Dish Network's receivers had no such option at all, it was normally formatted correctly from the start where all channels filled the screen from the get-go. it'd be neat on the DTV converters though if they were able to zoom no matter what, set it a certain way and it automatically zooms as far as it'd go regardless of TV type or channel mode.
The only problem I see with full zoom is the fact that, depending on how much the picture is magnified, it creates a bit of distortion. I wish movie studios and TV studios would record in 2 seperate format's. I guess with production costs already being high enough as it is, this isn't possible, but it's damn annoying to see black bars on my TV sometimes. Especially with Blu-Ray DVD's too.
 
#16
if you have a 4:3 TV (normal non-HDTV) and it's got bars, set it for widescreen and re-attempt zoom (same with your blu-ray player or DVD). if you have a widescreen with bars and you cannot zoom, try setting the blu-ray/DVD or converter to 4:3 standard def and try again with zoom. sadly that's the only way. it may have to be done back and forth depending on the broadcast or disc but so far that's the only way i can get the bars gone. my TVs are all older CRTs, one's a 19" TV/VCR and the other is a 1991 TouchTune 25" TV. and zooming even in widescreen mode results in no perceiveable quality drop. but then i cannot perceive non-HD and HD anyways, save for the terrible standard def picture on most HDTVs. grainy as hell.

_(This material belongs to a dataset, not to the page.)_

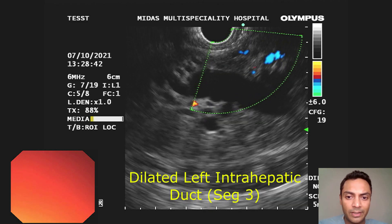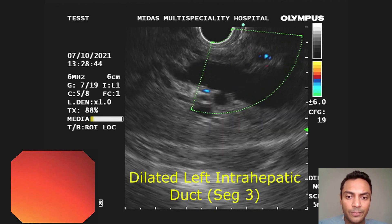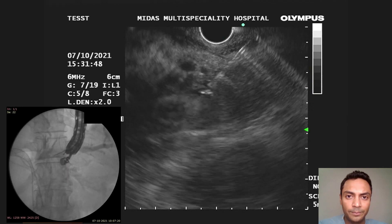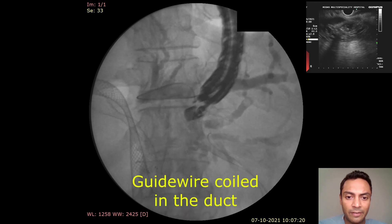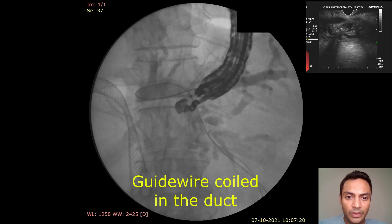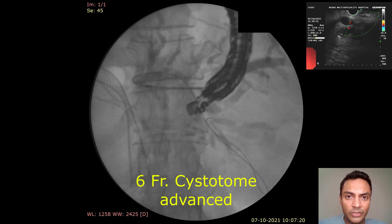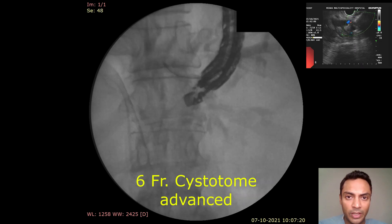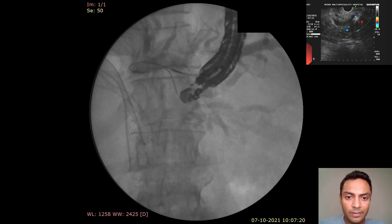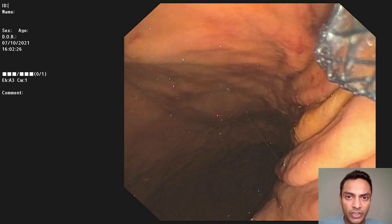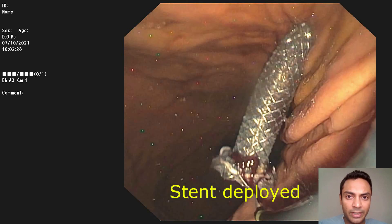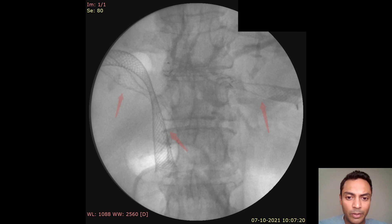For the left intrahepatic duct, under EUS guidance, this was identified across the gastric wall. A 19-gauge FNA needle was advanced and contrast injected to confirm presence in the left intrahepatic duct. A guide wire was coiled successfully towards the hilum. A 6-French cystotome was advanced to create a fistula tract, followed by placement of a geobar stent, which is a partially covered hepatico-gastrostomy stent with about three centimeters deployed in the gastric lumen.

Put a 25" console with a SD digital picture next to a 45" widescreen with a HD picture, i cannot see the difference. someone tested me at Best Buy and asked me if i could see the difference in HD, i said "the screen's bigger" much to the guy's disappointment.
 
#17
Put a 25" console with a SD digital picture next to a 45" widescreen with a HD picture, i cannot see the difference. someone tested me at Best Buy and asked me if i could see the difference in HD, i said "the screen's bigger" much to the guy's disappointment.
You can't tell the difference between 480p and 1080i or 1080p??? :eek: Shame! Just kidding, but words cannot describe how much better movies look in 1080p!
 
#18
I'm sorry. i have 20/20 vision and perfect color vision and i just cannot perceive it.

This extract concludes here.